To be clear, I think there are two very different arguments here:
1) If we have an AGI that is corrigible, it will not randomly drift to be not corrigible, because it will proactively notice and correct potential errors or loss of corrigibility.
2) If we have an AGI that is partly corrigible, it will help us ‘finish up’ the definition of corrigibility / edit itself to be more corrigible, because we want it to be more corrigible and it’s trying to do what we want.

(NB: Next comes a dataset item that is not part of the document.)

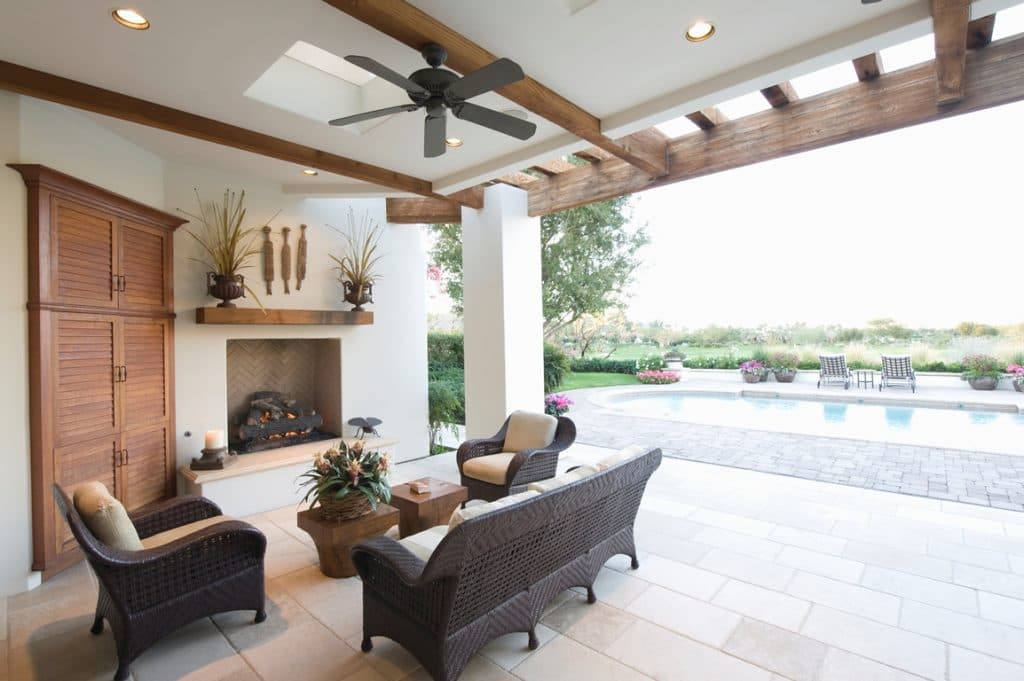 Covered veranda with fireplace overlooking pool and garden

The first is “corrigibility is a stable attractor”, and I think there’s structural similarity between arguments that different deviations will be corrected. The second is the “broad basin of corrigibility”, where for any barely acceptable initial definition of “do what we want”, it will figure out that “help us find the right definition of corrigibility and implement it” will score highly on its initial metric of “do what we want.”
Like, it’s not the argument that corrigibility is a stable attractor; it’s an argument that corrigibility is a stable attractor with no nearby attractors. (At least in the dimensions that it’s ‘broad’ in.)
I find it less plausible that missing pieces in our definition of “do what we want” will be fixed in structurally similar ways, and I think there are probably a lot of traps where a plausible sketch definition doesn’t automatically repair itself. One can lean here on “barely acceptable”, but I don’t find that very satisfying. [In particular, it would be nice if we had a definition of corrigibility where could look at it and say “yep, that’s the real deal or grows up to be the real deal,” tho that likely requires knowing what the “real deal” is; the “broad basin” argument seems to me to be meaningful only in that it claims “something that grows into the real deal is easy to find instead of hard to find,” and when I reword that claim as “there aren’t any dead ends near the real deal” it seems less plausible.]
In physical space, generally things are symmetric between swapping the dimensions around; in algorithm-space, that isn’t true. (Like, permute the weights in a layer and you get different functional behavior.) Thus while it’s sort of wacky in a physical environment to say “oh yeah, df/dx, df/dy, and dy/dz are all independently sampled from a distribution” it’s less wacky to say that of neural network weights (or the appropriate medium-sized analog).
Good point on distinguishing these two arguments. It sounds like we agree on 1. I also thought the OP was talking about 1.
For 2, I don’t think we can make a dimensionality argument (as in the OP), because we’re talking about edits that are the ones that the AI chooses for itself. You can’t apply dimensionality arguments to choices made by intelligent agents (e.g. presumably you wouldn’t argue that every glass in my house must be broken because the vast majority of ways of interacting with glasses breaks them). Or put another way, the structural similarity is just “the AI wouldn’t choose to do <bad thing #N>”, in all cases because it’s intelligent and understands what it’s doing.
Now the question of “how right do we need to get the initial definition of corrigibility” is much less obvious. If you told me we got the definition wrong in a million different ways, I would indeed be worried and probably wouldn’t expect it to self-correct (depending on the meaning of “different”). But like… really? We get it wrong a million different ways? I don’t see why we’d expect that.
Just want to echo Rohin in saying that this is a very helpful distinction, thanks!
I was actually making the stronger argument that it’s not a stable attractor at all—at least not until someone solves the problem of how to maintain stable goals / motivations under learning / reflecting / ontological crises.
(The “someone” who solves the problem could be the AI, but it seems to be a hard problem even for human-level intelligence; cf. my comment here.)